On Mon, 17 Nov 2025 at 20:17, Marek Polacek <[email protected]> wrote:
>
> On Sun, Nov 16, 2025 at 12:06:57AM +0100, Jakub Jelinek wrote:
> > On Mon, Nov 03, 2025 at 01:34:28PM -0500, Marek Polacek via Gcc wrote:
> > > I would like us to declare that C++20 is no longer experimental and
> > > change the default dialect to gnu++20. Last time we changed the default
> > > was over 5 years ago in GCC 11:
> > > <https://gcc.gnu.org/git/?p=gcc.git;a=commitdiff;h=0801f419440c14f6772b28f763ad7d40f7f7a580>
> > > and before that in 2015 in GCC 6.1, so this happens roughly every 5 years.
> > >
> > > I had been hoping to move to C++20 in GCC 15 (see bug 113920), but at
> > > that time
> > > libstdc++ still had incomplete C++20 support and the compiler had issues
> > > to iron
> > > out (mangling of concepts, modules work, etc.). Are we ready now? Is
> > > anyone
> > > aware of any blockers?
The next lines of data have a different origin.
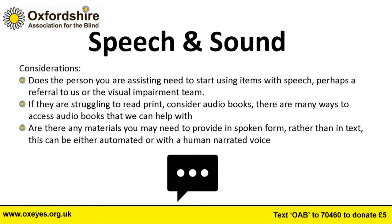Consider whether there are materials you need to provide in spoken form rather than text — whether as an automated or human voice. Do you have leaflets that might be better as audio? We provide our quarterly newsletter in audio format on memory stick or as a download. It's not necessarily saying you must do that, but are you prepared to? It doesn't have to be costly — there are plenty of ways with technology to record it yourself onto a computer without a fancy recording studio.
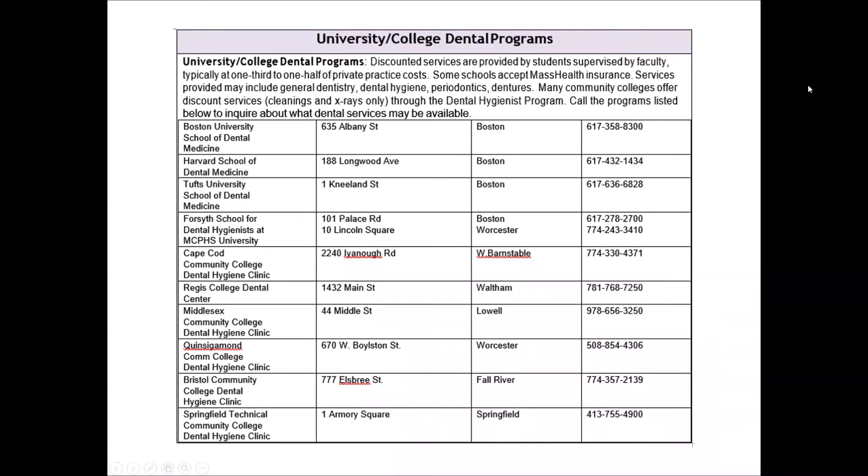If these dental plans are outside of your budget, we also suggest that you look into one of several dental clinics run by the numerous dental medicine and dental hygienist schools operating in Massachusetts. These clinics provide a wide variety of preventive and restorative dental services performed by dental professionals in training and supervised by experienced faculty, typically at reduced prices compared to private area practices.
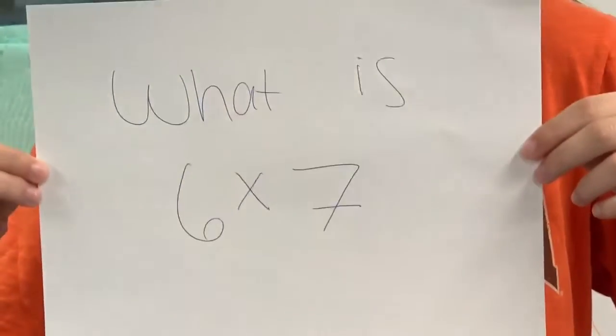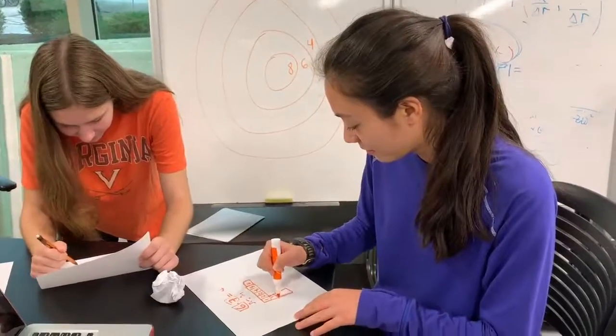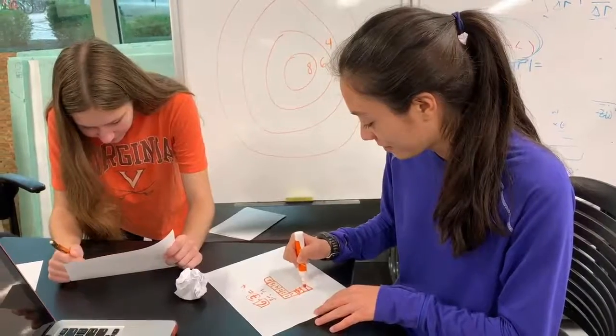In Game Show Toss, the students are asked a math question. The first team to find the answer hits the button in front of them.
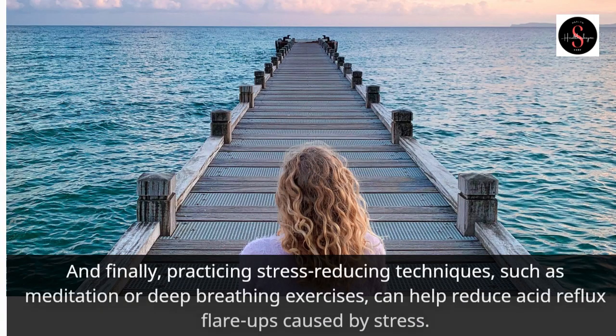Practicing stress-reducing techniques, such as meditation or deep breathing exercises, can help reduce acid reflux flare-ups caused by stress.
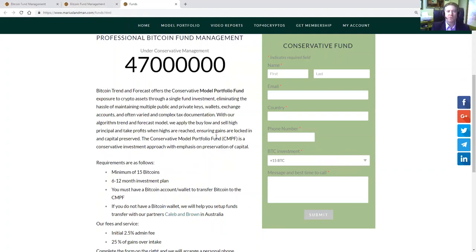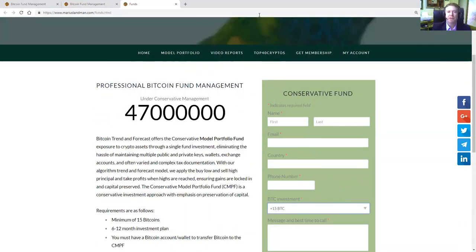With the algorithm trend and forecast model, we apply the buy low and sell high principle. We know where the market is going to reach the high, we get out near the high, and then buy back in at the low again with our algorithmic analysis that we do for Bitcoin and cryptocurrencies. The conservative model portfolio fund is a conservative investment approach with emphasis on protecting your capital. If this is something for you and you have about 10, 15 or more Bitcoin to invest, fill this form in, click the submit button, and I will personally get back to you.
Presumably we still wouldn't enable Modules by
> > > default.
> > >
> > > I'm willing to do the work if we decide that it's time to switch the
> > > default
> > > C++ dialect (that includes updating cxx-status.html and adding a new
> > > caveat to
> > > changes.html).
> >
> > I haven't seen a patch posted for this, so just that something is posted
> > during stage1 if we decide to do it, here is a patch.
>
> Sorry, I never got around to writing the actual patch.
>
> > Whether to call C++20 as non-experimental except e.g. for modules and still
> > say modules are experimental and need -fmodules option is a question (after
> > all, I think we don't implement P1815R2 paper nor private module fragments
> > and maybe something else too).
>
> Sounds like modules are still experimental.
>
> > Even if we decide not to do this for GCC 16, I think parts of the patch
> > would be still useful, like the testsuite changes to make the testsuite
> > eventually C++20 compatible, deprecating -std={c,gnu}++-2{a,b} in c.opt
> > at least.
> >
> > And libcody will need certainly more work to make it play nicely with C++20,
> > for now I've tweaked cody.hh in the just posted patch and here just
> > arranged for libcody itself to be compiled with -std=c++11. That is what
> > actually libcody does by default, except during bootstrap for stage2+
> > it gets silently overridden from toplevel makefile and so -std=c++11 isn't
> > passed anymore.
> >
> > Bootstrapped/regtested on x86_64-linux and i686-linux.
>
> The patch looks good to me.
>
> > 2025-11-15 Jakub Jelinek <[email protected]>
>
> You can mention
>
> PR c++/113920
>
> here if you want.
>
> > --- gcc/testsuite/g++.dg/debug/pr94459.C.jj 2020-04-05 00:27:46.554215583
> > +0200
> > +++ gcc/testsuite/g++.dg/debug/pr94459.C 2025-11-15 22:25:24.364486317
> > +0100
> > @@ -1,6 +1,6 @@
> > // PR debug/94459
> > // { dg-do compile { target c++14 } }
> > -// { dg-options "-g -dA" }
> > +// { dg-options "-g -dA -std=gnu++17" }
>
> Does this change make sense, given the dg-do compile above?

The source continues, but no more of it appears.